Written by 13:00 KÜLTÜR

Dünden bugüne örgütlü kötülüğün dışavurumu olarak: Toplu kıyım ve katliamlar

Almanya’nın tarihinde ırkçı-faşist hareketler tarafından işlenen o kadar çok insanlık suçu var ki, neredeyse yılın her ayında farklı kentlerde veya ülke genelinde bu yüzden anmalar, etkinlikler yapılır ve bunların bir daha yaşanmaması dilenir. Bunlar arasında en sarsıcı olanlardan biri de bundan 86 yıl önce 9 Kasım’da yaşanan ‘Kristal Nacht’ (Kırık camlar gecesi) adıyla anılan ve Nazi Almanyasındaki Yahudi soykırımının startını veren ‘Kasım kıyımı’dır (November Pogrom). Yıkıp yakılan, yağmalanan mekanlardaki kırık camlardan adını alan bu toplu kıyım, yüzlerce filme, binlerce kitaba konu oldu. 9 Kasım gecesi başlayıp 14 Kasım’a kadar süren bu örgütlendirilmiş cinnetin kayıtlara geçen bilançosu yıkılıp yakılan binlerce işyeri, sinagog ve ya da öldürülen binlerce insandan ibaret değildi. Çok uzak coğrafyalarda bile olsa insanlar, yaşanan vahşet karşısında derinden sarsıldılar ve adeta insanlığından utandılar. Ve nasıl olup da insanın insana böyle bir zulüm yapabildiği sorusuna yanıt vermekte zorlandılar.

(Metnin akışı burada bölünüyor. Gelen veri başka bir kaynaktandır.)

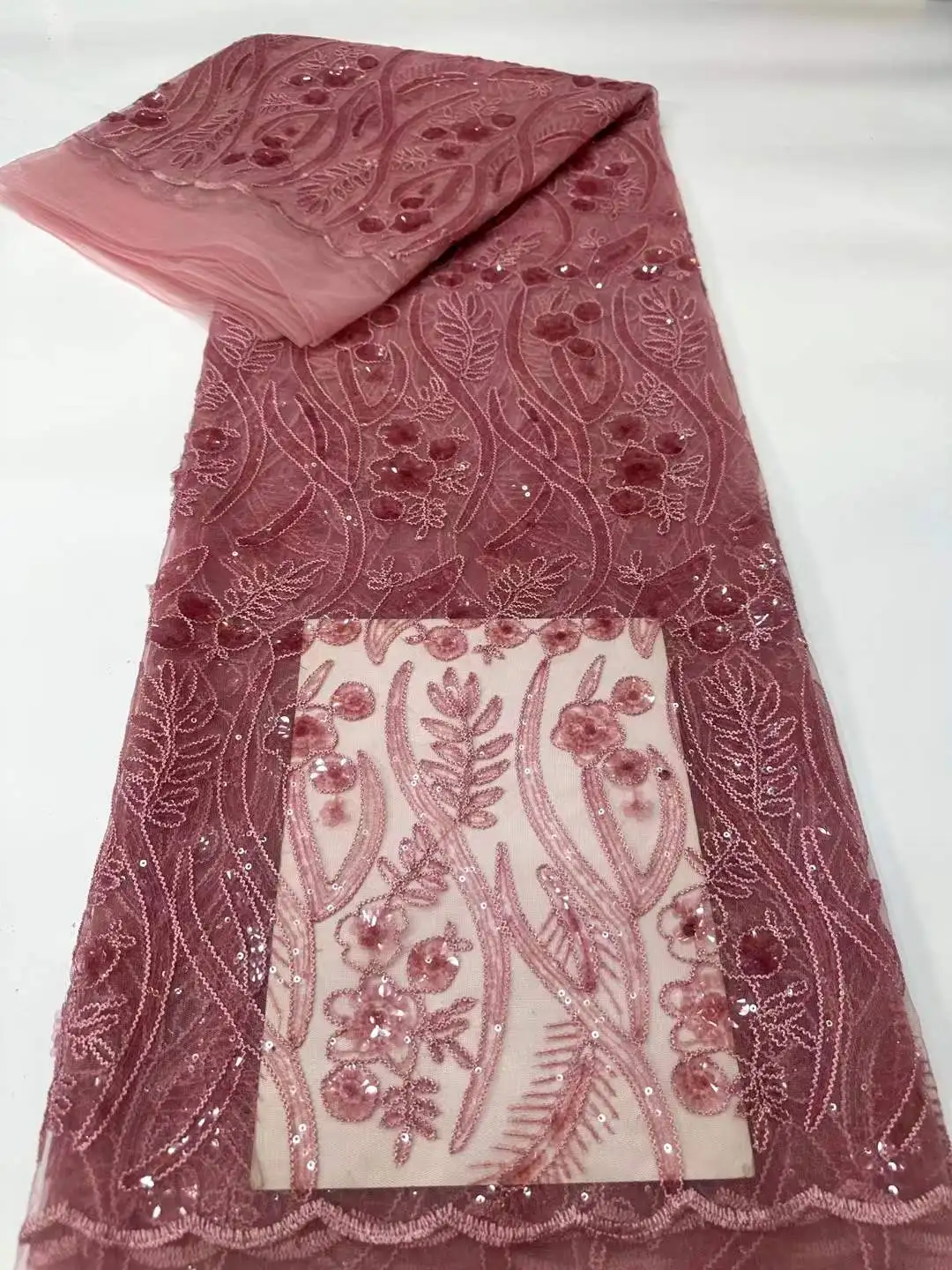 2026 الأحمر الفاخر الفرنسي تول صافي الدانتيل مع الترتر والخرز الأفريقي النيجيري المطرزة أقمشة الدانتيل نسيج الدانتيل للخياطة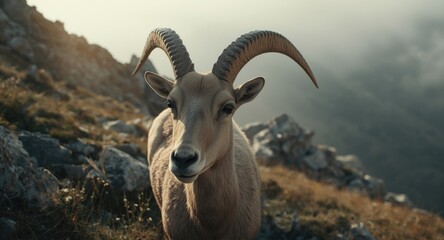 Obraz premium Close up of a chamois head in rugged mountain terrain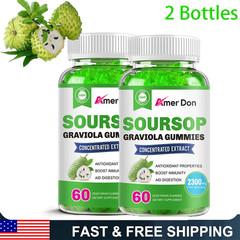 Graviola Capsules 2300mg 120 Pure Natural Soursop Capsules Leaves fruit Gummies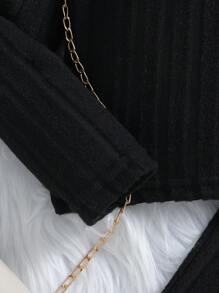 Elladie kids Young Girl Letter Patched High Neck Sweater And Flared Pants 2-Piece Set - Black - View 5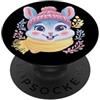 Whimsical Pastel Cold Weather Animal Gra Coniglietto sorridente inverno carino coniglio ritratto grafico rosa maglia PopSockets PopGrip Adesivo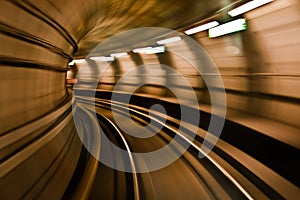 Metro train in high velocity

 ASIL SORU NEDEN UNUTUYORUZ?

Ama asıl şaşırtıcı olan ve yanıt aranacak soru, farklı coğrafyalarda ve farklı tarihlerde belki yüzlerce-binlerce kez yaşanmış olsa da, insanlığın benzer toplu kıyımları nasıl olup da unutabiliyor olması ve yaşanan acılardan ders çıkaramamasıdır aslında. Evet, neden her yaşandığında ‘bundan beter bir zulüm olamaz’ dedirten ve toplumsal travmalar yaratan bu kıyımları unutur, zamanla kanıksar hale gelebiliriz? İnsanların dini, etnik kökeni veya siyasi görüşleri yüzünden uğradıkları toplu kıyımların nedenini insan psikolojisinde, insanın içindeki kötülük genlerinde değil; eşitsizliğe, rekabete ve sömürüye dayalı toplumsal düzenlerde bulabiliriz. Çünkü bu tür toplu kıyımlar kişisel nedenlerle işlenen suçlar ve bireysel cinnet hali değildir; varlığı zaten sınıfsal veya ulusal düşmanlık üzerine kurulu siyasi iktidarın örgütlediği suçlardır. Çıkarları, hesapları, koşulları oluştuğunda nasıl uniformalı askerlerle yapılan savaşlar kaçınılmazsa, bu tür toplu kıyımlar da siyasi bir araç ve egemenlik hamlesi olarak bizzat devleti elinde bulunduranlar tarafından örgütlenir.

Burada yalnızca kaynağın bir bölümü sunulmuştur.